I am so pleased to be involved for a second year as the Metropolitan Police Service (MPS) spokesperson for Pride.
We understand that last year’s events in London and Manchester caused some people to worry about coming to Pride in London, and that they may still be worried about security this year.
We have been working hard with the organisers to keep Pride safe, and ensure that the day is a celebration and that everyone enjoys themselves. The style of policing for Pride is very important. We want the focus to be on this spectacular celebration of diversity, inclusivity and our wonderful city, not the policing operation.
The relationship the Met has with the organisers is well established and long standing. Our work to get ready for Pride started almost straight away after last year’s event, and together with the organisers and volunteers we have been planning meticulously for many months.
And like last year, there will be many police officers on duty, including both armed, unarmed and plain clothes officers, but that’s not because there is any specific reason to worry about Pride in London, it just makes sense.

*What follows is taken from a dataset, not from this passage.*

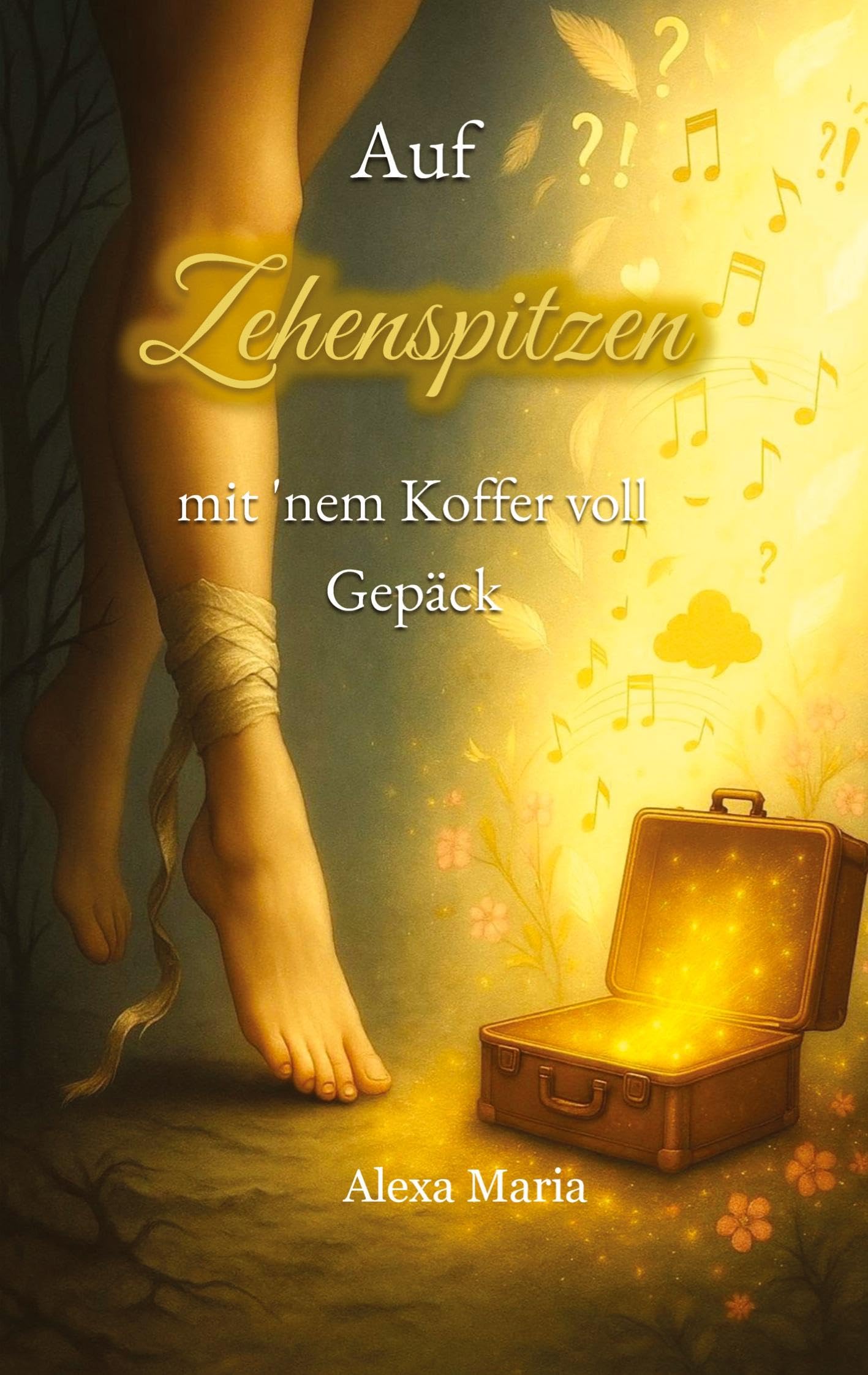 Auf Zehenspitzen mit nem Koffer voll Gepäck Contemporary literature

Also, as with any large scale event like this, there will be some police tactics in place, which you will not see but which will be in the background to help keep the event safe and secure.

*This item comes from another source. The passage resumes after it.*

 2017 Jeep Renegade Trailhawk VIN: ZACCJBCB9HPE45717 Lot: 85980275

Like last year, people will see some things that are a little different; mainly some temporary barriers to protect the route from vehicles, which we think is a very obvious precaution to take.
We hope no one at Pride becomes a victim of crime, but it’s important to report it if it happens, talk to one of the officers who will be out and about on the ground, or in case of an emergency call 999.
We want people to be alert, but not alarmed. Do report anything suspicious to us, even if it might be nothing. If you come to Pride in a group, stay safe by choosing a designated meet up place to find each other if you get separated. Sometimes pickpockets can operate in large crowds and busy places, so remember to keep your valuables out of view and on you at all times.
If you are coming to celebrate Pride in London, then have a great day and don’t forget to say hello to us if you see us along the way.